> **Exercise description**: What you return must match the listing exactly, with every image removed.

** Opening Given information block **

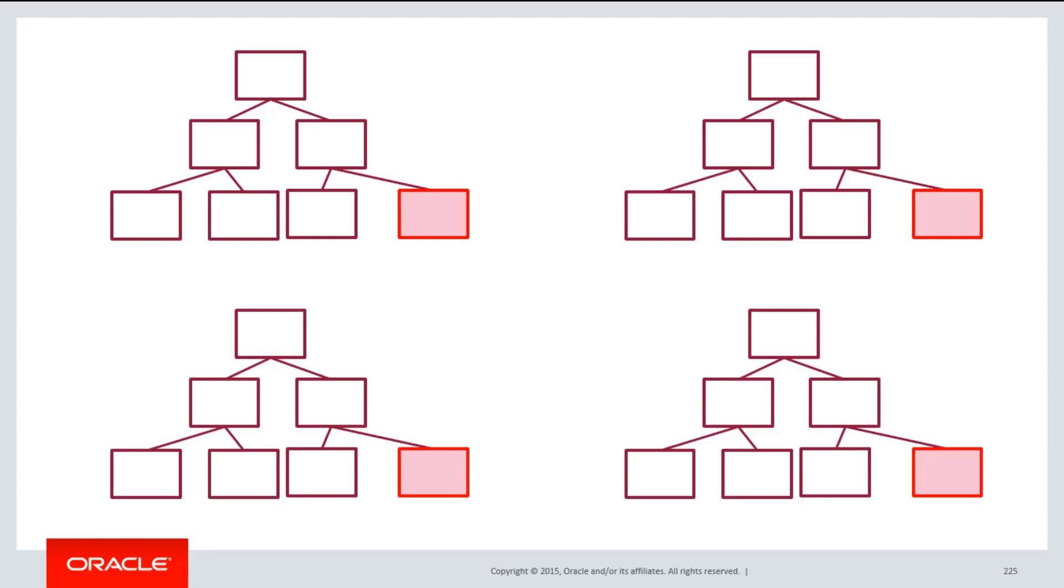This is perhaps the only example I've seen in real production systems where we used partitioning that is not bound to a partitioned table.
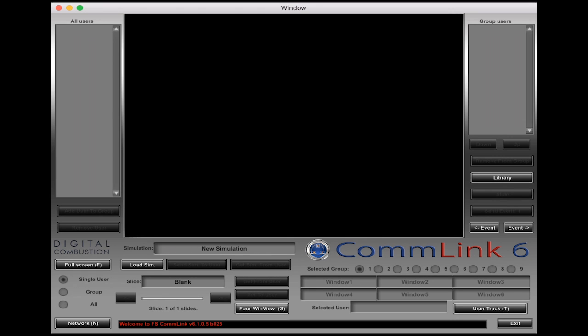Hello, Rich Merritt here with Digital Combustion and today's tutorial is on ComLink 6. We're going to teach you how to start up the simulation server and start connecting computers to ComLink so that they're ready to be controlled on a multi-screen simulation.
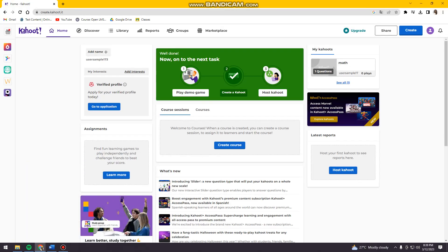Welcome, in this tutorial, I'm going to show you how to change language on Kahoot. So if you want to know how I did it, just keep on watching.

** Closing Given information block **

> **Result of the task**:
This is perhaps the only example I've seen in real production systems where we used partitioning that is not bound to a partitioned table.
Hello, Rich Merritt here with Digital Combustion and today's tutorial is on ComLink 6. We're going to teach you how to start up the simulation server and start connecting computers to ComLink so that they're ready to be controlled on a multi-screen simulation.
Welcome, in this tutorial, I'm going to show you how to change language on Kahoot. So if you want to know how I did it, just keep on watching.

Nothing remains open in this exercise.